* [EXERCISE INPUTS]:
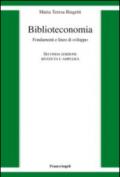 Biblioteconomia. Fondamenti e linee di sviluppo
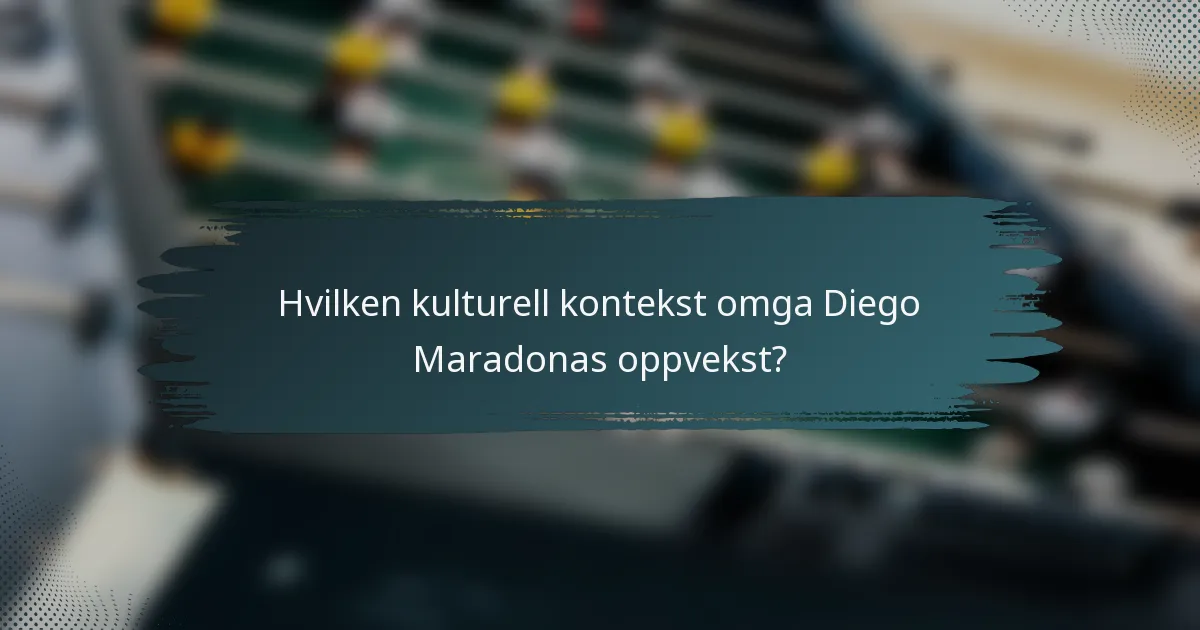 Hvilken kulturell kontekst omga Diego Maradonas oppvekst?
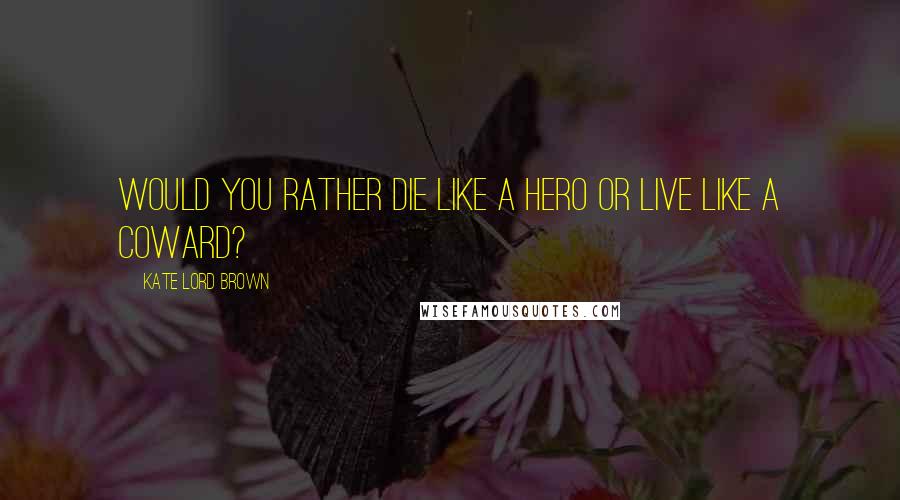 Kate Lord Brown Quotes: Would you rather die like a hero or live like a coward?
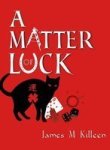 A Matter Of Luck Paperback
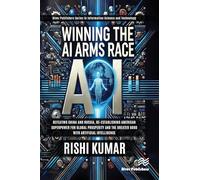 Winning the AI Arms Race: Defeating China and Russia, Re-establishing American Superpower for Global Prosperity and the Greater Good with Artificial ... and Information Science and Technology)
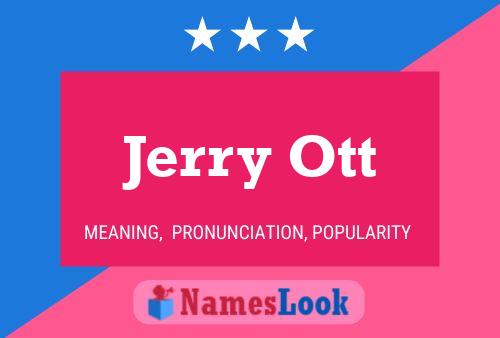 Jerry Ott 名字海报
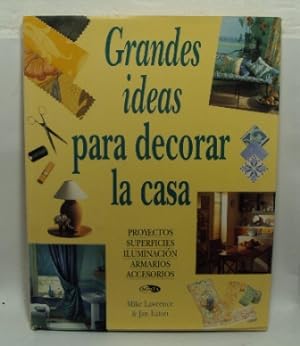 Seller image for GRANDES IDEAS PARA DECORAR LA CASA for sale by LIBRERIA AZACAN
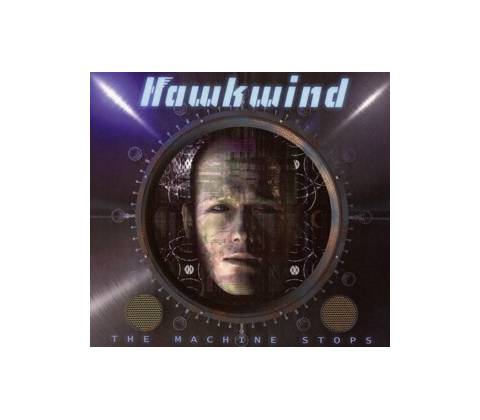 Hawkwind - Machine Stops CD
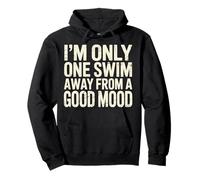 I'm Only One Swim Away From A Good Mood Swimmer - Pullover Hoodie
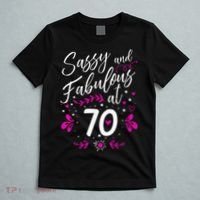 70th Birthday Gift Sassy & Fabulous 70 Year Old Tee T-Shirt thumb 5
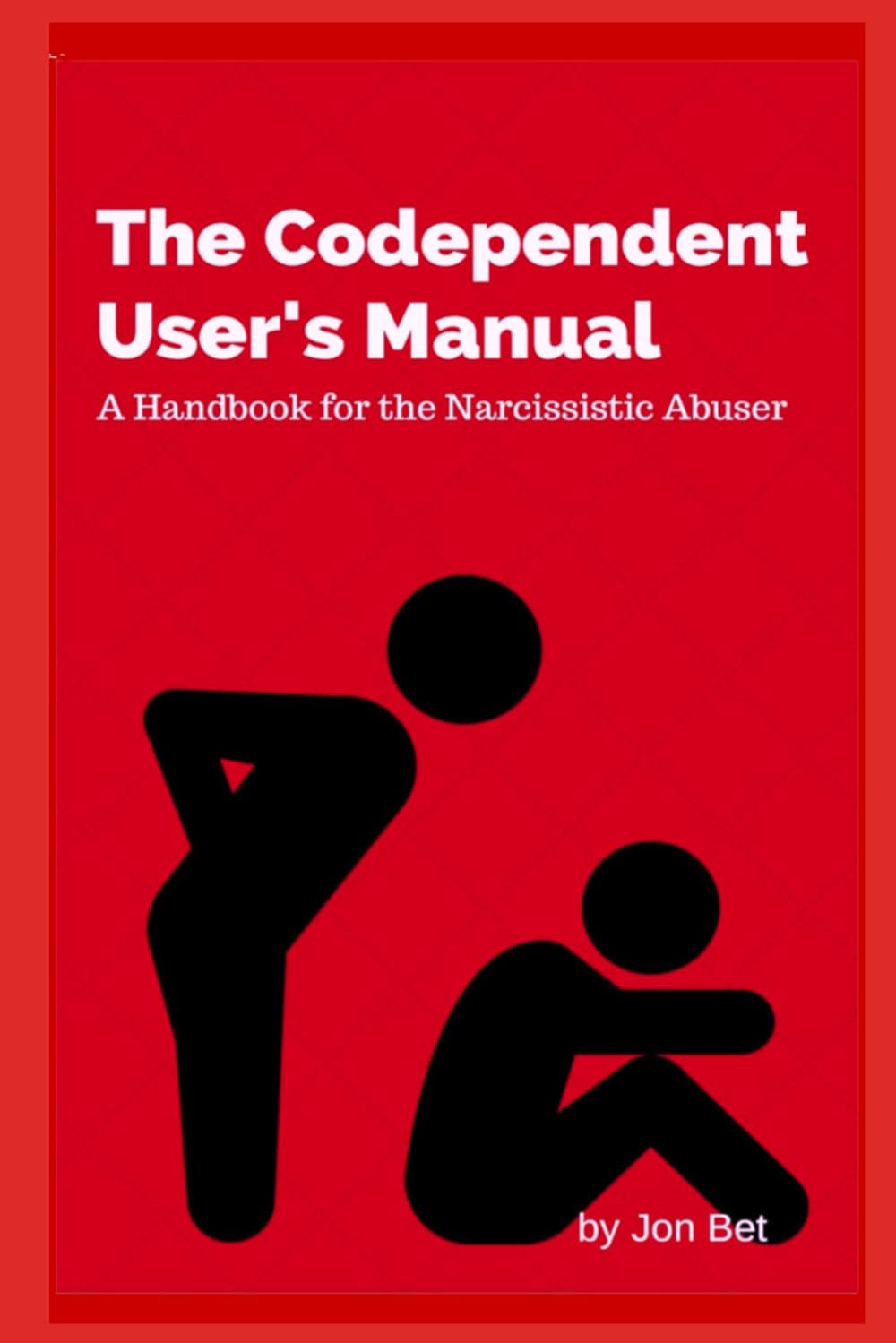The Codependent's User's Manual: A Handbook for the Narcissistic Abuser
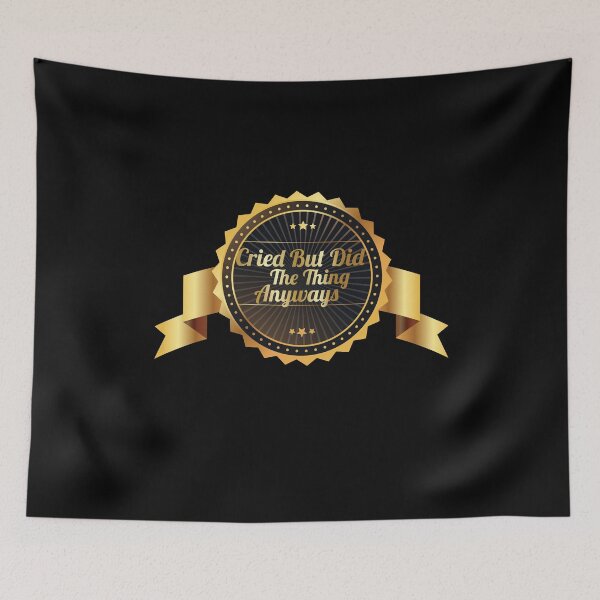 Item preview, Cried But Did The Thing Funny Memes Gold Gradient Award Gift Gold Brilliant Design Unisex designed and sold by pedrored369.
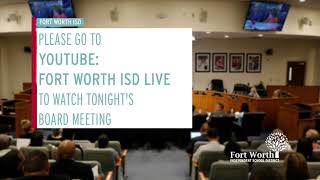 To Watch FWISD Board Meeting go to  Fort Worth ISD Live [upl. by Marthena]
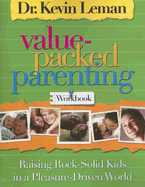 Value Packed Parenting Workbook - Leman, Kevin, Dr.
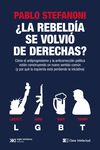 ¿LA REBELDÍA SE VOLVIÓ DE DERECHAS?. CÓMO EL ANTIPROGRESISMO Y LA ANTICORRECCIÓN POLÍTICA ESTÁN CONSTRUYENDO UN NUEVO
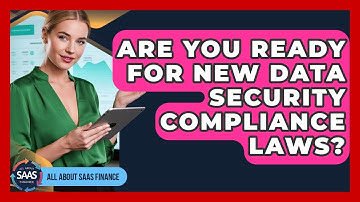 Are You Ready For New Data Security Compliance Laws? - All About SaaS Finance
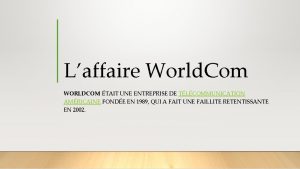 Laffaire World Com WORLDCOM TAIT UNE ENTREPRISE DE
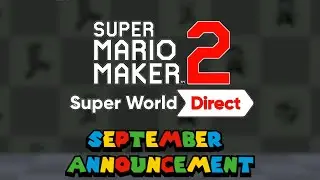 Send your trailer for smm2 direct September 2025 🎉 - Mario maker 2
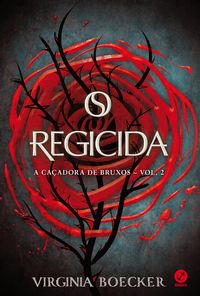 Produktbild: O regicida (Vol. 2 Ca&ccedil;adora de bruxos)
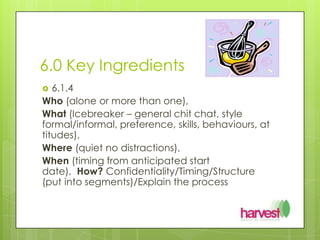 6.0 Key Ingredients 6.1.4 Who(alone or more than one), What (Icebreaker – general chit chat, style formal/informal, preference, skills, behaviours, attitudes), Where(quiet no distractions), When(timing from anticipated start date),  How? Confidentiality/Timing/Structure (put into segments)/Explain the process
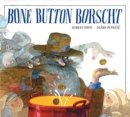 Image for Bone Button Borscht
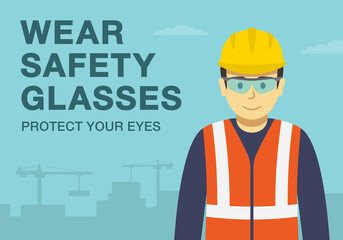Workplace golden safety rule. Wear safety glasses, protect your eyes. Use personal protective equipment. Flat vector illustration template.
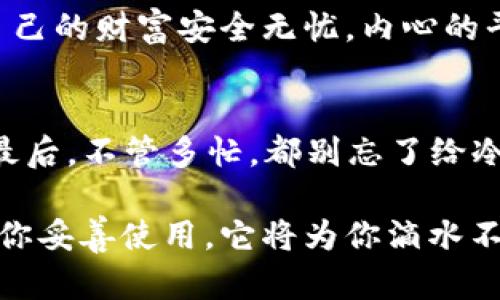 aliao冷钱包查得到吗？揭开数字资产的秘密！/aliao
冷钱包, 数字资产, 区块链, 安全性/guanjianci

引言：数字资产的守护者
在这个数字化快速发展的时代，传统的钱包已经无法满足我们的需求。你可能会问，数字货币的钱包是什么呢？简单来说，它就是你的数字资产的保管库。在这个看似虚拟的空间中，有一种钱包叫做“冷钱包”，它像是你家里的保险箱，安全稳妥，但是查找或使用却不是那么方便。

冷钱包：不为人知的“隐士”
冷钱包是一种将数字货币存储在没有互联网连接的设备中的方式。它的工作方式类似于将你的财物放在一个不为人知的隐秘角落，只有你知道怎么找到它。这听起来非常安全，对吧？但若你有一次操作失误，可能就会让你的资产像小鸟一样飞走。

冷钱包的使用场景：为什么要选择冷钱包？
那么，冷钱包究竟适用于哪些场景呢？首先，如果你是一个长期持有者，希望在未来某个时间点才能使用这些资产，冷钱包无疑是一个不错的选择。比如，你打算在五年后用比特币给自己买一辆梦寐以求的特斯拉，那就不妨先把这些比特币存进冷钱包，该花的时候再说。谁还没点小烦恼呢？

冷钱包与热钱包：分清楚，才能更好下手！
如果说冷钱包是一位隐士，那么热钱包就像是一个乐于交际的朋友，总是活跃在线上，与世界随时保持联系。热钱包的便利性无疑让你可以随时随地进行交易，但与此同时，风险也大大增加。散步时不小心把你的朋友遗落在公园比丢失数字资产可要糟糕得多。
总体来说，冷钱包适合那些注重安全且不急于使用数字资产的用户，而热钱包则适合那些频繁交易的人群。两者各有千秋，玩得好就能尽享数字资产的乐趣！

如何选择冷钱包：安全与品牌
在选择冷钱包时，安全性和口碑是两个重要的考虑因素。市面上有许多品牌，比如Ledger、Trezor等，这些品牌通过具备较高的安全性和良好的用户评价为自己的产品建立了良好的声誉。在选择时，你可以像挑选鞋子一样，试穿之后再决定。

冷钱包的使用步骤：从注册到存取
使用冷钱包的步骤其实并不复杂。首先，你需要购买一个冷钱包，接着按照说明书进行设置。这就像加盟一个秘密社团，你要先掌握社团的规则，才能顺利成为成员。设置好后，就可以将你的数字资产转入冷钱包了。
存入数字资产之后，记得记录好你的恢复短语或私钥。想象一下，如果你的账户像是被锁住的金库，恢复短语就是打开金库的钥匙，不可随意遗失。若将钥匙寄给邻居，他可能会带着你的财富跑掉，真是让人心碎。

冷钱包的优势与劣势
冷钱包的优势在于其卓越的安全性，任何想要黑客入侵冷钱包的尝试都如同在攀登一座高耸入云的孤山，困难重重。然而，正因它的安全性，冷钱包在交易便利性上却大打折扣，这使得很多人更倾向于使用热钱包。
总的来说，冷钱包就像是一位老爷爷，安静地守护着你的财富，但要是想和他一起出去跑步就得多费点心思。这种长久的稳定，才是持有资产的真正价值。

未来的冷钱包市场：能否继续闪耀？
随着数字资产的普及，冷钱包市场也在不断变化。就像中国的网购平台争相推出优惠活动一样，各大品牌的冷钱包也在不断，以迎合用户的需求。也许在不久的将来，我们会看到冷钱包更加便捷的使用方式！

结论：冷钱包不是冷漠，而是温暖的保护
当我们谈论冷钱包的时候，不应该只是关注它的技术参数，更要关注它能为我们带来的安全感。或许在某个清晨，你起床后发现，自己的财富安全无忧，内心的平静无与伦比。这就是冷钱包的魅力所在！

小贴士：冷钱包的日常注意事项
最后再给大家几个小贴士：首先，记得定期检查冷钱包的固件更新；其次，务必妥善保管恢复短语或私钥，便不能随意流露给他人；最后，不管多忙，都别忘了给冷钱包一点关心与关注，它可不是说“冷”就真的冷哦！

通过以上的介绍，希望大家对于冷钱包有了更深入的了解。冷钱包如同那个沉默却坚毅的守卫，保守着我们心爱的数字资产。只要你妥善使用，它将为你滴水不漏地守护着你的财富，直到你再需要它的那一天。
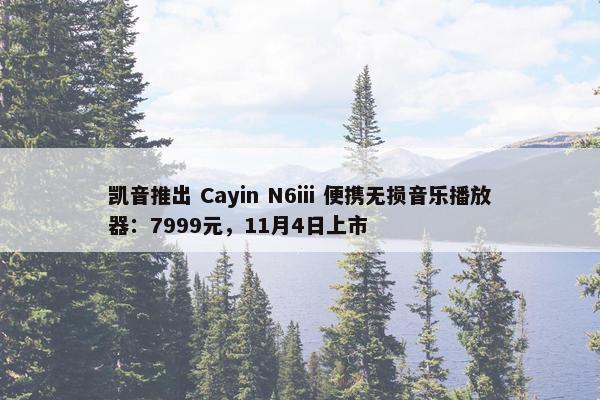 凯音推出 Cayin N6iii 便携无损音乐播放器：7999元，11月4日上市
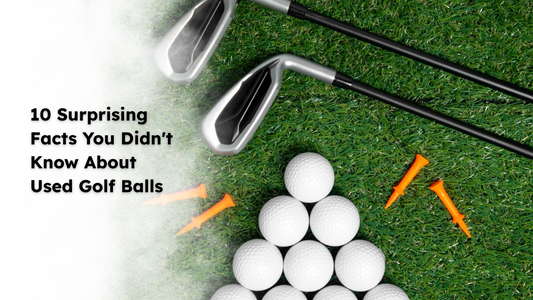 10 Surprising Facts You Didn't Know About Used Golf Balls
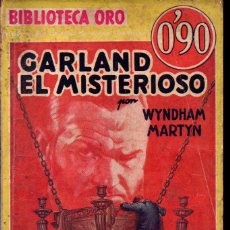 Libros antiguos: WYNDHAM MARTYN : GARLAND EL MISTERIOSO (ORO MOLINO, 1934). Lote 365875901
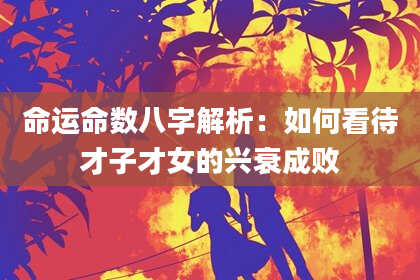 命运命数八字解析：如何看待才子才女的兴衰成败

* [PROBLEM DETAILS]: Repeat exactly the lines above, beginning at the one containing "6.0 Key Ingredients" and ending at the one containing "10 Surprising Facts". Do not carry over any pictures.

* [TASK OUTPUT]:
 6.0 Key Ingredients 6.1.4 Who(alone or more than one), What (Icebreaker – general chit chat, style formal/informal, preference, skills, behaviours, attitudes), Where(quiet no distractions), When(timing from anticipated start date),  How? Confidentiality/Timing/Structure (put into segments)/Explain the process
 Image for Bone Button Borscht
Workplace golden safety rule. Wear safety glasses, protect your eyes. Use personal protective equipment. Flat vector illustration template.
 aliao冷钱包查得到吗？揭开数字资产的秘密！/aliao
冷钱包, 数字资产, 区块链, 安全性/guanjianci

引言：数字资产的守护者
在这个数字化快速发展的时代，传统的钱包已经无法满足我们的需求。你可能会问，数字货币的钱包是什么呢？简单来说，它就是你的数字资产的保管库。在这个看似虚拟的空间中，有一种钱包叫做“冷钱包”，它像是你家里的保险箱，安全稳妥，但是查找或使用却不是那么方便。

冷钱包：不为人知的“隐士”
冷钱包是一种将数字货币存储在没有互联网连接的设备中的方式。它的工作方式类似于将你的财物放在一个不为人知的隐秘角落，只有你知道怎么找到它。这听起来非常安全，对吧？但若你有一次操作失误，可能就会让你的资产像小鸟一样飞走。

冷钱包的使用场景：为什么要选择冷钱包？
那么，冷钱包究竟适用于哪些场景呢？首先，如果你是一个长期持有者，希望在未来某个时间点才能使用这些资产，冷钱包无疑是一个不错的选择。比如，你打算在五年后用比特币给自己买一辆梦寐以求的特斯拉，那就不妨先把这些比特币存进冷钱包，该花的时候再说。谁还没点小烦恼呢？

冷钱包与热钱包：分清楚，才能更好下手！
如果说冷钱包是一位隐士，那么热钱包就像是一个乐于交际的朋友，总是活跃在线上，与世界随时保持联系。热钱包的便利性无疑让你可以随时随地进行交易，但与此同时，风险也大大增加。散步时不小心把你的朋友遗落在公园比丢失数字资产可要糟糕得多。
总体来说，冷钱包适合那些注重安全且不急于使用数字资产的用户，而热钱包则适合那些频繁交易的人群。两者各有千秋，玩得好就能尽享数字资产的乐趣！

如何选择冷钱包：安全与品牌
在选择冷钱包时，安全性和口碑是两个重要的考虑因素。市面上有许多品牌，比如Ledger、Trezor等，这些品牌通过具备较高的安全性和良好的用户评价为自己的产品建立了良好的声誉。在选择时，你可以像挑选鞋子一样，试穿之后再决定。

冷钱包的使用步骤：从注册到存取
使用冷钱包的步骤其实并不复杂。首先，你需要购买一个冷钱包，接着按照说明书进行设置。这就像加盟一个秘密社团，你要先掌握社团的规则，才能顺利成为成员。设置好后，就可以将你的数字资产转入冷钱包了。
存入数字资产之后，记得记录好你的恢复短语或私钥。想象一下，如果你的账户像是被锁住的金库，恢复短语就是打开金库的钥匙，不可随意遗失。若将钥匙寄给邻居，他可能会带着你的财富跑掉，真是让人心碎。

冷钱包的优势与劣势
冷钱包的优势在于其卓越的安全性，任何想要黑客入侵冷钱包的尝试都如同在攀登一座高耸入云的孤山，困难重重。然而，正因它的安全性，冷钱包在交易便利性上却大打折扣，这使得很多人更倾向于使用热钱包。
总的来说，冷钱包就像是一位老爷爷，安静地守护着你的财富，但要是想和他一起出去跑步就得多费点心思。这种长久的稳定，才是持有资产的真正价值。

未来的冷钱包市场：能否继续闪耀？
随着数字资产的普及，冷钱包市场也在不断变化。就像中国的网购平台争相推出优惠活动一样，各大品牌的冷钱包也在不断，以迎合用户的需求。也许在不久的将来，我们会看到冷钱包更加便捷的使用方式！

结论：冷钱包不是冷漠，而是温暖的保护
当我们谈论冷钱包的时候，不应该只是关注它的技术参数，更要关注它能为我们带来的安全感。或许在某个清晨，你起床后发现，自己的财富安全无忧，内心的平静无与伦比。这就是冷钱包的魅力所在！

小贴士：冷钱包的日常注意事项
最后再给大家几个小贴士：首先，记得定期检查冷钱包的固件更新；其次，务必妥善保管恢复短语或私钥，便不能随意流露给他人；最后，不管多忙，都别忘了给冷钱包一点关心与关注，它可不是说“冷”就真的冷哦！

通过以上的介绍，希望大家对于冷钱包有了更深入的了解。冷钱包如同那个沉默却坚毅的守卫，保守着我们心爱的数字资产。只要你妥善使用，它将为你滴水不漏地守护着你的财富，直到你再需要它的那一天。
 凯音推出 Cayin N6iii 便携无损音乐播放器：7999元，11月4日上市
 10 Surprising Facts You Didn't Know About Used Golf Balls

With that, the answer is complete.